Any pictures in the records below must be left out when you repeat the lines from the line containing "Kalpli Yastığa Sarılmış" through the line containing "Ukraine, Moldova and" exactly.

- SOURCE MATERIAL:
--- --- ---

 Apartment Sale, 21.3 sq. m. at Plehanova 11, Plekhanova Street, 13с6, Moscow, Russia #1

--- --- ---

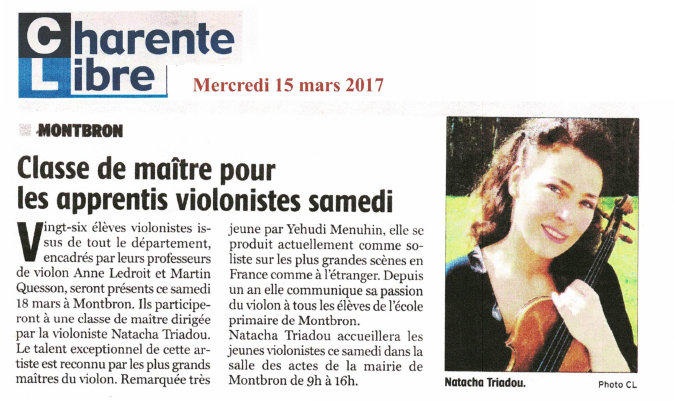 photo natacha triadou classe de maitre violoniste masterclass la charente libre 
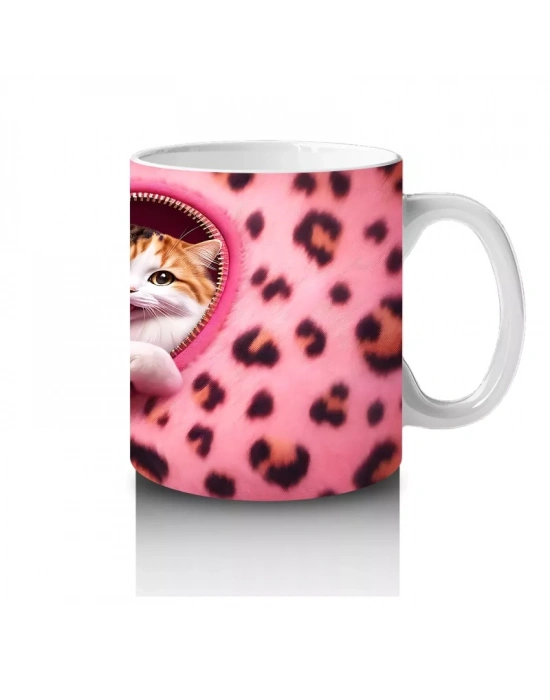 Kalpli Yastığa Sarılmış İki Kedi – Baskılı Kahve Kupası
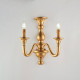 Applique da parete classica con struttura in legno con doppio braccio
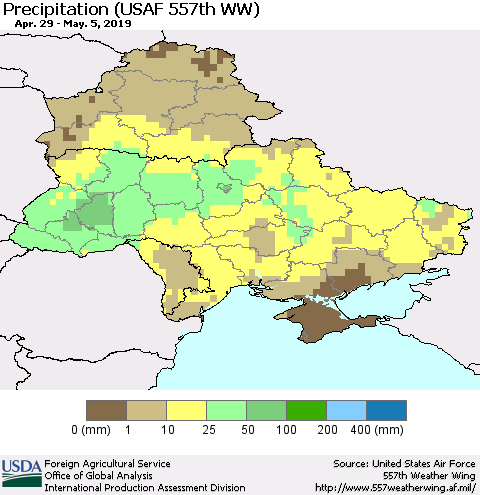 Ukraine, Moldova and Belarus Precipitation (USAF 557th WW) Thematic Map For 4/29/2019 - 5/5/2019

--- --- ---

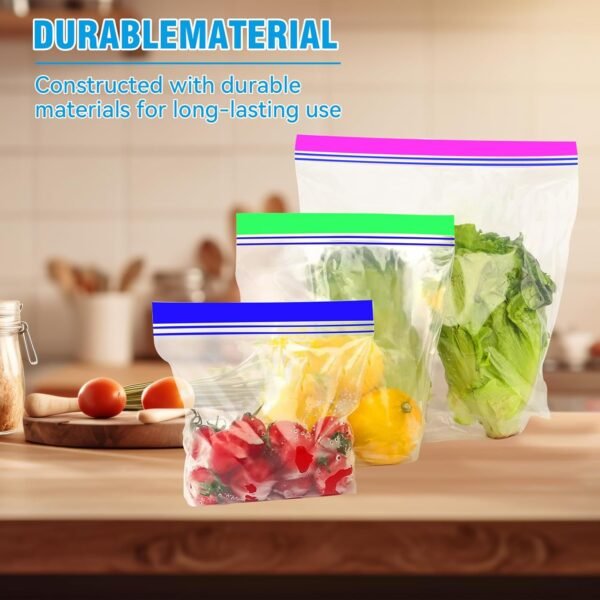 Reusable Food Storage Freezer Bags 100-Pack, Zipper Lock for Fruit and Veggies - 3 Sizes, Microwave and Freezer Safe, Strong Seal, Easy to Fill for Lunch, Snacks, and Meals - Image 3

--- --- ---

- YOUR SOLUTION:
 Kalpli Yastığa Sarılmış İki Kedi – Baskılı Kahve Kupası
 Applique da parete classica con struttura in legno con doppio braccio
 Ukraine, Moldova and Belarus Precipitation (USAF 557th WW) Thematic Map For 4/29/2019 - 5/5/2019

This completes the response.